Love yourself. Accept yourself as you are, with all your shortcomings and weaknesses. Say nice things to yourself, smile at yourself. Train your body and spirit. Take care of yourself: good nutrition, good sleep, body care. Believe in yourself. “But know that those who manage to believe in themselves win the fight.” Appreciate and love your surroundings - family, colleagues, friends and just random guests on your life path. Your love and kindness given to people will return to you a hundredfold.

Live here and now. Returning to the past occasionally and for a short time with the main goal of searching for one’s resources and experiencing one’s own achievements and victories. Don’t look for the mistakes of today’s situation in the past and don’t live in the past. “Whoever remains in the past has no present.” Thoughts about the future should not overshadow the joy of the present. “Tomorrow will take care of itself.” Down with drafts! Every day of yours should be a clean day.

You must try to learn to enjoy every moment, enjoy every event in life and just simple things. Then everything in life will become much easier.

The midlife crisis can indeed become a springboard for a new takeoff, the so-called second peak of vital activity. He contributed to the development of many great people.

However, it is not necessary to radically change your life - you can continue to follow the beaten path. But at the same time, evaluate the years you have lived, understand what you need and what you don’t, and, most importantly, accept your previous path, but consciously, and continue to increase quantitatively and qualitatively what has been achieved. Strive not only to add years to life, but also life to years.

It all depends on how ready a person is to understand and accept his problems, to honestly face reality, no matter how frightening it may be, whether he is capable of change - both in life and in himself - and, most importantly, whether he is ready to invest into these changes. If a person does not draw any conclusions during a crisis, it means that he is not growing up.

Here are some tips for those who are friends with the proverb “a healthy mind in a healthy body.”
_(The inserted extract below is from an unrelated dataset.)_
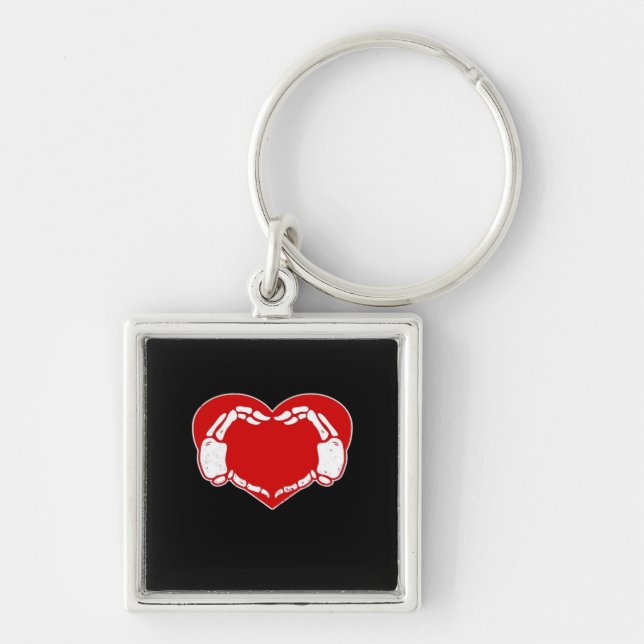 Heart Skeleton Hands Gothic Valentine Red Classic Key Ring (Front)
1. Attention and care for your body will allow you to maintain strength longer and treat your body with tender reverence, respect it and be proud of it. It is necessary to take measures to slow down the aging process of the body and improve physical condition. This, of course, is an active lifestyle and giving up bad habits. Playing sports, no matter how trivial it may sound, really helps to cope with thoughts about one’s inadequacy and approaching old age. Every day, by increasing the load on your body, you will rejoice at your small victories, and the thought “I can!” will push you to further achievements.

2. If you can give up smoking, then a feeling of pride in yourself will settle in your heart for a long time. First of all, your desire and willpower are capable of taking such a decisive step; in some situations, reflexology and psychotherapy may be useful.

If you don’t suffer from bad habits and don’t need to fight them, you can try to master in life what you dreamed of, but always put off until later or simply didn’t dare. For each person this is something different, for example, learning to drive a car or skate, or jump with a parachute. This should greatly invigorate you and increase your credibility in your eyes.

3. We must realize once and for all that there is only one life, there will be no other, and man is the creator of his own happiness. Therefore, we pull ourselves together and begin to create, no matter how hard it may be.

Prevention is the most effective and obvious. It is important to strive to maintain balance in your life, not to concentrate on the problems of illness and approaching old age, but to approach it fully armed - hardened and able to fight. It is very important to take care of yourself and the quality of your life, and then all sorts of depressions and crises will bypass you. And if they do appear, you will be ready for it.

Be happy, learn to enjoy what you do and give pleasure to those who are dear to you! Ultimately, it's not the years in your life that matter, but the life in your years. (Abraham Lincoln)

Backmology approach

The information that a person puts into his subconscious, the images that he inspires in himself, will certainly play an important role in determining the result of any of his undertakings. A mind programmed to fail will inevitably fail. A person programmed to achieve will show high results. Thus, all great athletes know that combining the efforts of mind and body is a key factor in achieving the highest results. Sports commentators call this state the achievement of the highest form.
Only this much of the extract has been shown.